Most tragedies are at some level about self-knowledge, and here we have someone who has been king too long and forgotten that he’s merely a man, Keegan says of the doomed ruler. He’s had the power of the gods for too long. Whatever he says, it happens. That means the word is almost the deed, and of course that is a king’s power, but nobody should have the kind of power.
He has to be stripped down to nothing so that he can see what he is — a ‘very foolish fond old man’ — and once he can embrace that, he can start to see where the real value of life is.
Keegan reveals that his connection to the character has taken on even greater personal significance since his last portrayal in 2008 for ASC. The actress playing Lear’s favorite daughter, Cordelia, in that production has since become his actual daughter-in-law.
He remarks about Lear and Cordelia’s redemption scene, We actually used to come off stage from that scene and she would say ‘I love you’ and I would say ‘I love you, too’ because you get very moved in that moment. It’s worked out nicely that she’s ended up being my genuine daughter.

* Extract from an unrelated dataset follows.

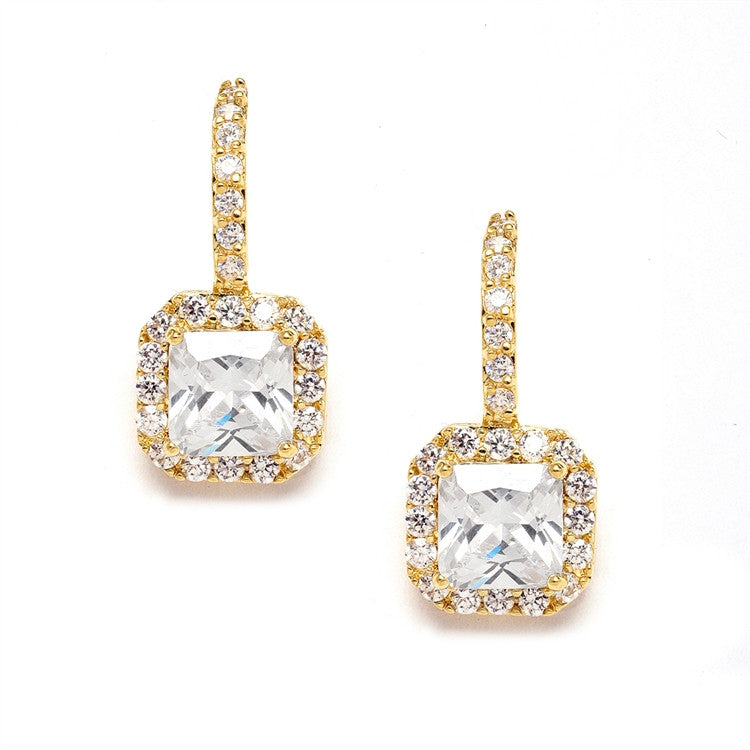 Gold Radiant Cut Cubic Zirconia Wedding, Prom or Bridesmaids Earrings 4091E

Joining Keegan among the cast is another professional actor (and USC theatre alum), Terry Snead, who will portray Lear’s counterpart, the similarly tragic Earl of Gloucester. Snead is a native of Greenville who has had a thirty-year career as an actor in stage, television and film productions. Additional guest actors include Park Bucker, associate professor at USC Sumter, playing the Duke of Cornwall, and Paul Kaufmann taking the role of the King of France. All eight of the theatre program’s graduate acting students are also cast, including Laurie Roberts (as Cordelia), Leeanna Rubin, Melissa Peters, Kate Dzvonik, James Costello, Josiah Laubenstein, Trey Hobbs and Cory Lipman. The cast also includes Chandler Walpole, Dennis Lopez, John Floyd, Kristina Montgomery, Alex Jones, Kelsea Woods, John Dixon, Daniel Ziegler and Taiyen Stevenson.

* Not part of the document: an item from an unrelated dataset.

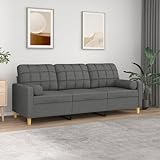 SECOLI Sofa 3 sitzer 3 sitzer Sofa 3er Couch mit Zierkissen Lounge Couch Sofa Couch für Wohnzimmer/Schlafzimmer/Büro/Wohnung-3-Sitzer:180cm-Dunkelgrau-Stoff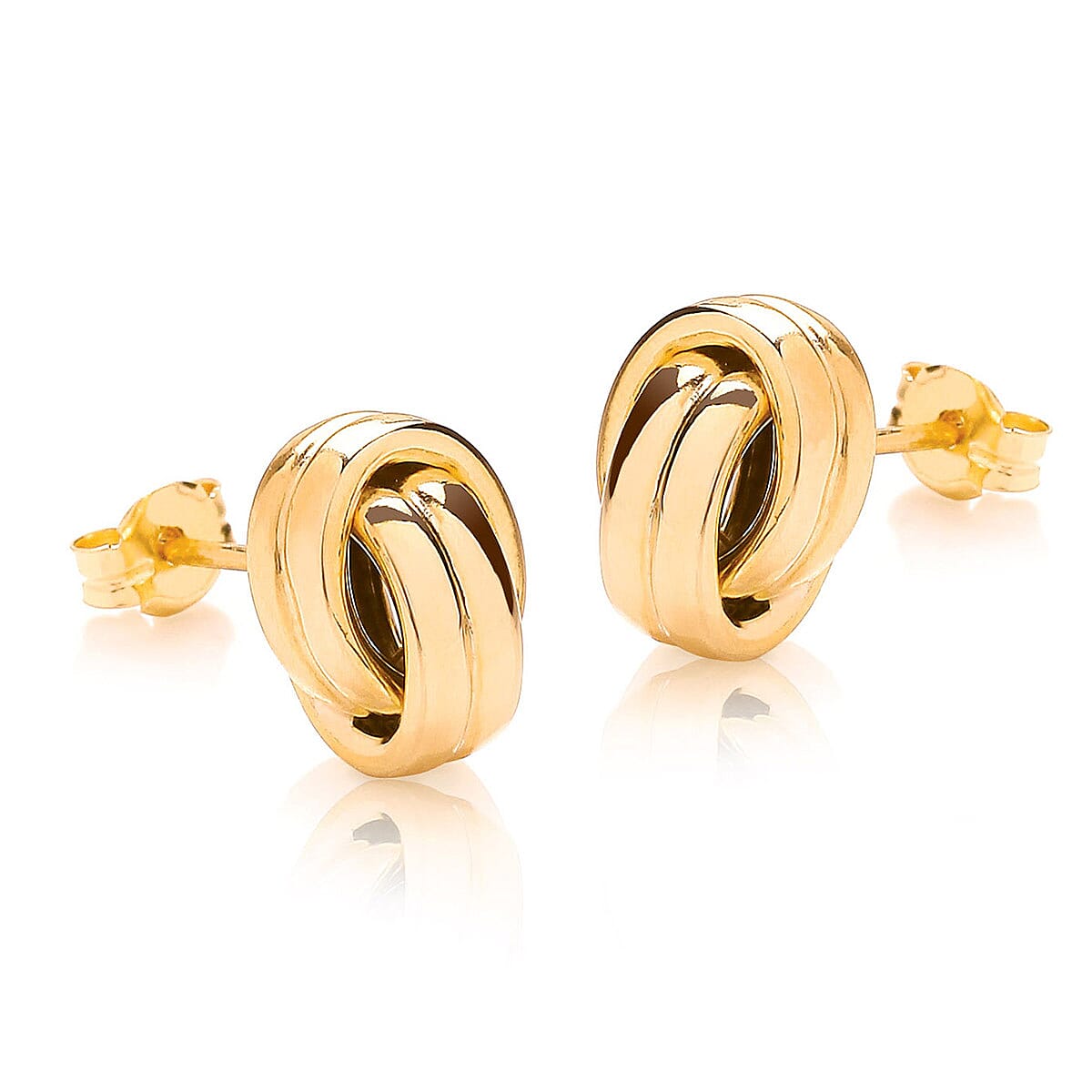 9K Yellow Gold 8mm x 11mm Knot Stud Earrings 8894729 0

Professor Nic Ularu (Obie-winner and recent Grand Prix winner at the Belgrade International Theatre Festival, see article below) has co-designed the postmodern look of the production with first-year design student Billy Love. Lighting Design is by professional NY designer Todd Wren. Second-year MFA Costume Design student Sean Smith is designing the characters’ avant-garde fashions. Sound design is by guest artist Danielle Wilson.

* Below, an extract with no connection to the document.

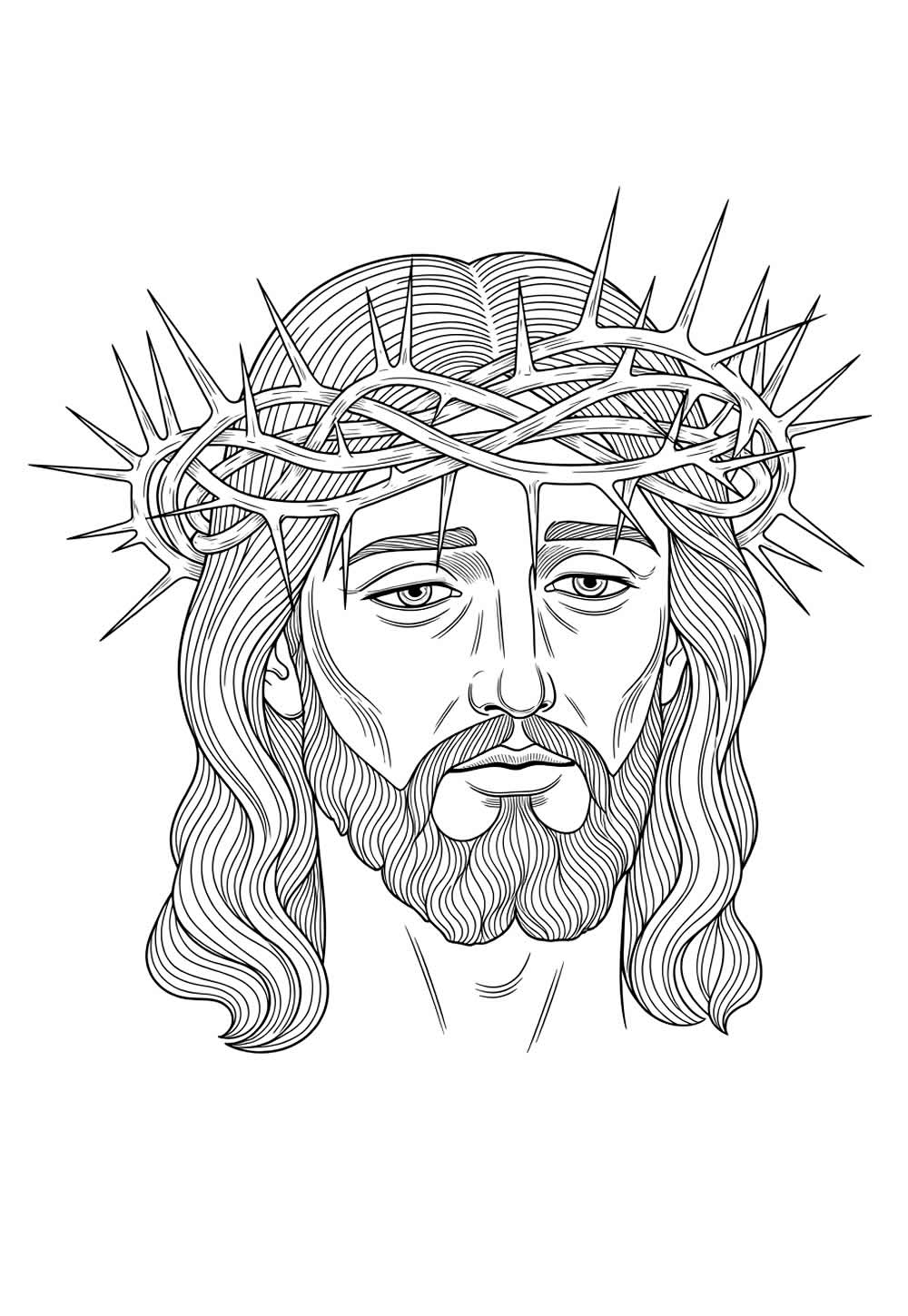 Desenho de Jesus com Coroa de Espinhos para colorir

New York Times theatre critic Ben Brantley wrote in 2011 that Lear contains some of the most beautiful and devastating observations ever uttered about the human condition. Hadji-Culea agrees that the story has applications which appeal to a wide range of human experiences.
It’s about the generations, it’s about love, it’s about power, it’s about the existence of God. It’s not just about something.
Show times for King Lear are 8pm Wednesdays-Fridays, 7pm Saturdays and 3pm on the first Sunday. There is an additional half-price late night performance on Saturday, April 27 at 11pm. Tickets for the production are $12 for students, $16 for USC faculty/staff, military personnel and seniors 60+, and $18 for the general public. Tickets can be purchased by calling 803-777-2551 or by visiting the Longstreet Theatre box office, which is open Monday-Friday, 12:30pm-5:30pm, beginning Friday, April 12.